§ Problem to solve
Give back all of the data exactly, with every picture omitted.

§ Supplied data
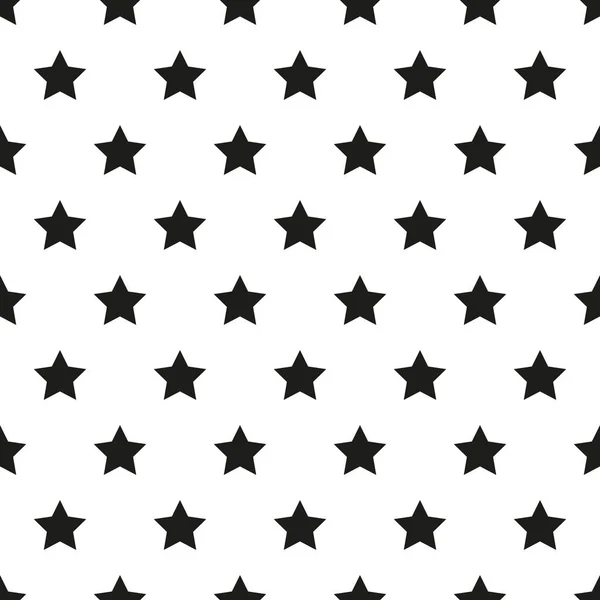 Nahtloses Muster Mit Sternen Abstrakter Geometrischer Hintergrund Monochrome Vektorillustration Textur — Stockvektor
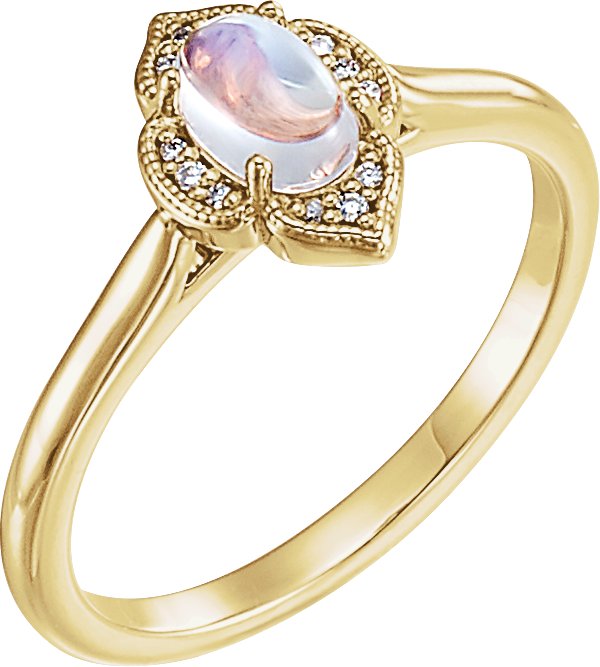 14K Yellow Natural Rainbow Moonstone & .03 CTW Natural Diamond Ring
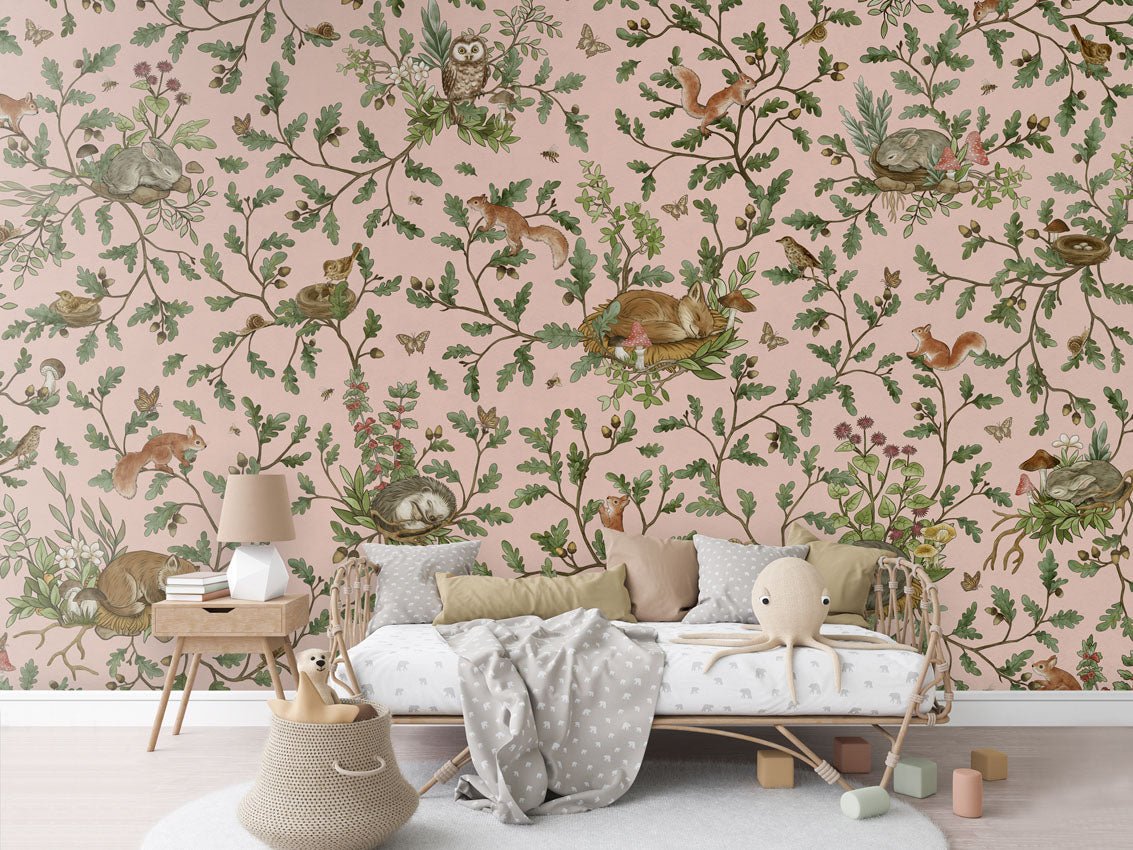 Wallpaper - Playful Woods - Pink (Pre - Order) - LPM Home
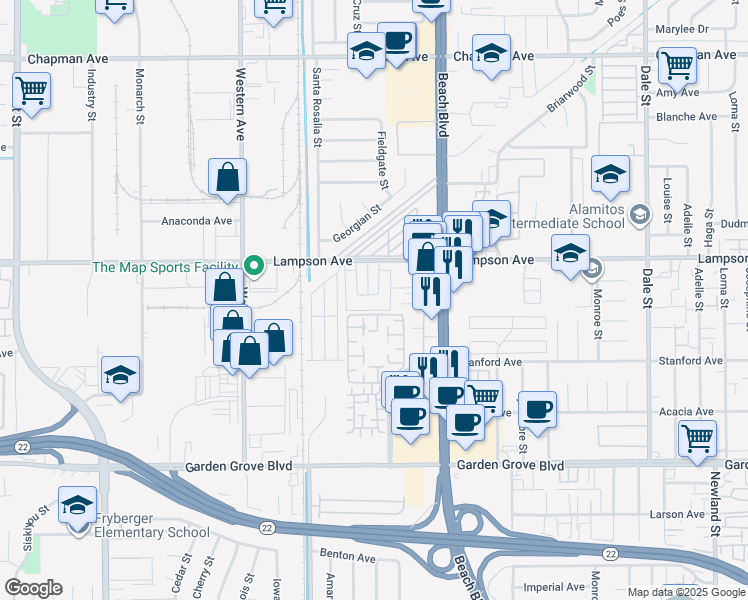 map of restaurants, bars, coffee shops, grocery stores, and more near 12571 Orrway Drive in Garden Grove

§ Exercise response
 Nahtloses Muster Mit Sternen Abstrakter Geometrischer Hintergrund Monochrome Vektorillustration Textur — Stockvektor
 14K Yellow Natural Rainbow Moonstone & .03 CTW Natural Diamond Ring
 Wallpaper - Playful Woods - Pink (Pre - Order) - LPM Home
 map of restaurants, bars, coffee shops, grocery stores, and more near 12571 Orrway Drive in Garden Grove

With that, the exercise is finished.